I have just started studying category theory.
In section 2 of the nLab page on "natural number objects", it talks about a morphism $z: 1 \rightarrow \mathbb{N}$. But it calls the $1$ object a terminal object! But shouldn't $1$ be called an initial object since there is one arrow going out from it to $\mathbb{N}$?

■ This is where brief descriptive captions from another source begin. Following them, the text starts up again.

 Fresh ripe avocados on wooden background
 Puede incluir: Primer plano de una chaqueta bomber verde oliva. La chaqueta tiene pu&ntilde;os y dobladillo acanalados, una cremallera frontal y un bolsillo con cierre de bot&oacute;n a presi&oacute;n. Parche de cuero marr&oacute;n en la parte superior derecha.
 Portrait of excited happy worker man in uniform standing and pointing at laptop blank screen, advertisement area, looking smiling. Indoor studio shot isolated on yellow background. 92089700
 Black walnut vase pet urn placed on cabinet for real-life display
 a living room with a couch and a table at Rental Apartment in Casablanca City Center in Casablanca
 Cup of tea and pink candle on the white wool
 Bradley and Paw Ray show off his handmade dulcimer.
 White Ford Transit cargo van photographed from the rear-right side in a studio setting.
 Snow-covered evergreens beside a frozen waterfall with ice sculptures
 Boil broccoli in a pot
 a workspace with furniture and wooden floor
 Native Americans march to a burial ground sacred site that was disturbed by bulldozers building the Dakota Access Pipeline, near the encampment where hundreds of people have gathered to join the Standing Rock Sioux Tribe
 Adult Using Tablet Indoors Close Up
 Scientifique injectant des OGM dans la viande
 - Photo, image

Why is an arrow going out from a terminal object in natural number definition on nLab
category-theory
Best Answer
Recall the definition,
In $\mathsf{Set}$, any one point set is terminal. This is because given any set $A$ there is only one function $A \to \ast$, namely the constant function. Now, a pointed set consists of a set $A$ with a distinguished element $a \in A$. This can be thought of as a set $A$ and a function $* \to A$ which sends $*$ to $a$. The same can be done for many other examples, such as pointed spaces.
Thus, we can define a generalized notion of 'pointed objects'. Given a category $\mathcal{C}$ with a terminal object which we will call $1$, we define its category of pointed objects $\mathcal{C}_*$ (I can't recall if this is usual notation) as follows,
The objects are pairs $(c,a)$ with $c$ an object of $\mathcal{C}$ and, $a : 1 \to c$ an arrow from the terminal object to $c$. Note the resemblance with the example of sets.
The morphisms from $(c,a)$ to $(d,b)$ are arrows $f : c\to d$ such that "$f$ sends the point $a$ to the point $b$". This is formalized by requesting that $b = f \circ a$.
I don't know the context of the article (the link is broken for me as of now), but it may be talking about representing a selection of a natural number $n \in \mathbb{N}$ as an arrow $1 \to \mathbb{N}$ where $1$ is any terminal object (as two terminal objects are isomorphic).